Dataset excerpts ->
◇ ◇ ◇ ◇ ◇
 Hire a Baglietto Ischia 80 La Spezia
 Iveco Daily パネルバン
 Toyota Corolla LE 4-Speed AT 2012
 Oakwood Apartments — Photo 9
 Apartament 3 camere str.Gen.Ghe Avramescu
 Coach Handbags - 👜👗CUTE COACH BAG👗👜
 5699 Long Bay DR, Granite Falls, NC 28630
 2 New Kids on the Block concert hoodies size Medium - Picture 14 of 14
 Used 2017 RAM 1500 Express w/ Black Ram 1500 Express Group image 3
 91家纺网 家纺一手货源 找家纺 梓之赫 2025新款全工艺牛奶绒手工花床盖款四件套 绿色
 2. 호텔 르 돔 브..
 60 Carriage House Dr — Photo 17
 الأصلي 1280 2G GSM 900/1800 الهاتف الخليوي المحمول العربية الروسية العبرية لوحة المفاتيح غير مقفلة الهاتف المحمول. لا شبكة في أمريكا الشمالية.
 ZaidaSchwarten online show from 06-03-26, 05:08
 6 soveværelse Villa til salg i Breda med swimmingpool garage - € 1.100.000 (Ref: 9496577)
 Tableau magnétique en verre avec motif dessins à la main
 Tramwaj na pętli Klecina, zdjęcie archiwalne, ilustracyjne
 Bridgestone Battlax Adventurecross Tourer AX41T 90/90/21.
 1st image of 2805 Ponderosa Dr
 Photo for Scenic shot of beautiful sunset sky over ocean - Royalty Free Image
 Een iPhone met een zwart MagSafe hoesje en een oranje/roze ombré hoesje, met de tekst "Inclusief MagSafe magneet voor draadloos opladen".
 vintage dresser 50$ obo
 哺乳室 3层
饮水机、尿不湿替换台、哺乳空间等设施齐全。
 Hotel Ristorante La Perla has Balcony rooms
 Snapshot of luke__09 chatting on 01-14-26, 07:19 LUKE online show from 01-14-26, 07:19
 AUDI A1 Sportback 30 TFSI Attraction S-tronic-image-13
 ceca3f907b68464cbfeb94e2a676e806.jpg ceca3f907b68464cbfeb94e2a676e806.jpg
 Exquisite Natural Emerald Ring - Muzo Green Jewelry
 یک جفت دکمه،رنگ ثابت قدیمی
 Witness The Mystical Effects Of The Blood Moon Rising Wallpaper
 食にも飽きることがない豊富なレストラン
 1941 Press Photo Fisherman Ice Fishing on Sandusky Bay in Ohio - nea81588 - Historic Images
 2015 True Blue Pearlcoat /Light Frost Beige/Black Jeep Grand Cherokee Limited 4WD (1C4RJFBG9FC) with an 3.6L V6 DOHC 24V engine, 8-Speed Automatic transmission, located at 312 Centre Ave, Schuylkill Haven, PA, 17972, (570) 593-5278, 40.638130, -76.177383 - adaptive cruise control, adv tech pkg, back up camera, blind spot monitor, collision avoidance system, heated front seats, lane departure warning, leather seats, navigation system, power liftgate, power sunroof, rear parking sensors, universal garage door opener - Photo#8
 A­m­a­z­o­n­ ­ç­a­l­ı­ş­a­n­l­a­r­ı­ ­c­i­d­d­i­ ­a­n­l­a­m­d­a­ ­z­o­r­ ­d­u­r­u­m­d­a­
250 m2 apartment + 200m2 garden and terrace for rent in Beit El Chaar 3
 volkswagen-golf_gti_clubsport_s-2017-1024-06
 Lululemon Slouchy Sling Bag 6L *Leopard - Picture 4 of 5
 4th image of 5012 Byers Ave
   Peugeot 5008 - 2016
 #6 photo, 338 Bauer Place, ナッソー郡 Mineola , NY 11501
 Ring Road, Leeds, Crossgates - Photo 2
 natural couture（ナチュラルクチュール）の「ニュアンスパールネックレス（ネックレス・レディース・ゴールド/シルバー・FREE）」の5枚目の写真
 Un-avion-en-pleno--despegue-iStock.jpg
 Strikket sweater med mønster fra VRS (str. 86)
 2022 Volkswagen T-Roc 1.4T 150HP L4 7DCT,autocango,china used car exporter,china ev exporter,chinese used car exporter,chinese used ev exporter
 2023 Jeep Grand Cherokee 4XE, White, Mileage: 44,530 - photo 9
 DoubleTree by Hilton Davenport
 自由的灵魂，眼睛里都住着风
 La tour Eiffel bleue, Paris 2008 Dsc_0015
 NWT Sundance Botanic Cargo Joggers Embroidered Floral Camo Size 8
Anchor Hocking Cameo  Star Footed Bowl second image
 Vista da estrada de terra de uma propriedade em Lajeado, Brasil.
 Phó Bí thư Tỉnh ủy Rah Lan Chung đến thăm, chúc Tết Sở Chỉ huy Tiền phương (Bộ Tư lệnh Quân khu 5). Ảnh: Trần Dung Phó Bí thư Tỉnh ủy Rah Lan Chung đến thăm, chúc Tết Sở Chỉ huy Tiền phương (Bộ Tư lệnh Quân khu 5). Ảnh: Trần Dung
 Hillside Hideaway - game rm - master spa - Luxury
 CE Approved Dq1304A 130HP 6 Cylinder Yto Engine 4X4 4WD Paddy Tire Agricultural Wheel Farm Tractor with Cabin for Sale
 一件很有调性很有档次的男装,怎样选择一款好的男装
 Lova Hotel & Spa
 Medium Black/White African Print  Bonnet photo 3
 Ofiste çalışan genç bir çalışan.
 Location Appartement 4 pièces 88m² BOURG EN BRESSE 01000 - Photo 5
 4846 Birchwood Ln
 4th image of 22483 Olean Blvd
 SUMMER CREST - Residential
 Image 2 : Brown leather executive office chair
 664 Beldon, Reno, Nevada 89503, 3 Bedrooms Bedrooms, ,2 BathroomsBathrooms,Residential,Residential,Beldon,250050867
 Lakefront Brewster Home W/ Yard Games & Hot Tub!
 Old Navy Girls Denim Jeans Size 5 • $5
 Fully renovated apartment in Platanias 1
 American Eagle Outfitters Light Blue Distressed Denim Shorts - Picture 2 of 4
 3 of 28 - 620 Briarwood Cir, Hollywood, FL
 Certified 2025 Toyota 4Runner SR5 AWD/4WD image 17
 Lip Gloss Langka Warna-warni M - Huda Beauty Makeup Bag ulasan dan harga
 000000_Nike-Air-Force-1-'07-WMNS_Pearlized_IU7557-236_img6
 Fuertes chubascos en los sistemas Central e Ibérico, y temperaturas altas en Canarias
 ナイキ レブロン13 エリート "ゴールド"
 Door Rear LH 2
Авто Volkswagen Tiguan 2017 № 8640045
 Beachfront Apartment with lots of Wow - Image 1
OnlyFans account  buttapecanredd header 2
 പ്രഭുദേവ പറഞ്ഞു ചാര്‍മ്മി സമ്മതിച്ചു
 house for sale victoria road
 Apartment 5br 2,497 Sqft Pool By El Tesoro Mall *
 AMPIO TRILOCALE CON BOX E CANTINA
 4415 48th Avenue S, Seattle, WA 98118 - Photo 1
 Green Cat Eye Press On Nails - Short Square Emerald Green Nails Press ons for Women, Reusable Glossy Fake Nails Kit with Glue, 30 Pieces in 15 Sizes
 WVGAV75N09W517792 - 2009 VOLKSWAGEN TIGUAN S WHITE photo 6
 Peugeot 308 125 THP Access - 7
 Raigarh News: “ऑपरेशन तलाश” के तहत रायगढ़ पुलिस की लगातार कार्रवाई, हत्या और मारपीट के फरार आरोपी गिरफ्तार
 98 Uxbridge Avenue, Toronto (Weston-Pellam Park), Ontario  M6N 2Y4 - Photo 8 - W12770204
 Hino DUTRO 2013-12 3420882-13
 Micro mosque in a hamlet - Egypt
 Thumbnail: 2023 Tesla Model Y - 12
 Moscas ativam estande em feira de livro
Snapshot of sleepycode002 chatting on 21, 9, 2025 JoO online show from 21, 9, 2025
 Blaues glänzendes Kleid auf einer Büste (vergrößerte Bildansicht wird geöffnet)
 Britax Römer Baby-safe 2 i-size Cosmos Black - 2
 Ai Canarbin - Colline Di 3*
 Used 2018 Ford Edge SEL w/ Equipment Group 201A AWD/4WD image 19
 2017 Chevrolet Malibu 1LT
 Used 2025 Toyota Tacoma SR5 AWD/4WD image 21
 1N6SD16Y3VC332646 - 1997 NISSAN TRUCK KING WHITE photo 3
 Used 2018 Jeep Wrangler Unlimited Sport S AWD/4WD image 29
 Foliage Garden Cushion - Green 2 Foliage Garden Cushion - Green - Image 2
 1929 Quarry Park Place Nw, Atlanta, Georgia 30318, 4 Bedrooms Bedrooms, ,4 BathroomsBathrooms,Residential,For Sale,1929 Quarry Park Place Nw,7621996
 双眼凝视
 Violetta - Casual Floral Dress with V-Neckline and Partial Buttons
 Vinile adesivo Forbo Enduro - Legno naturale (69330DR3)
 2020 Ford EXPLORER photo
◇ ◇ ◇ ◇ ◇
Required work -> Search the records above for "Floral". Copy each line where it is found.

Written reply ->
 NWT Sundance Botanic Cargo Joggers Embroidered Floral Camo Size 8
 Violetta - Casual Floral Dress with V-Neckline and Partial Buttons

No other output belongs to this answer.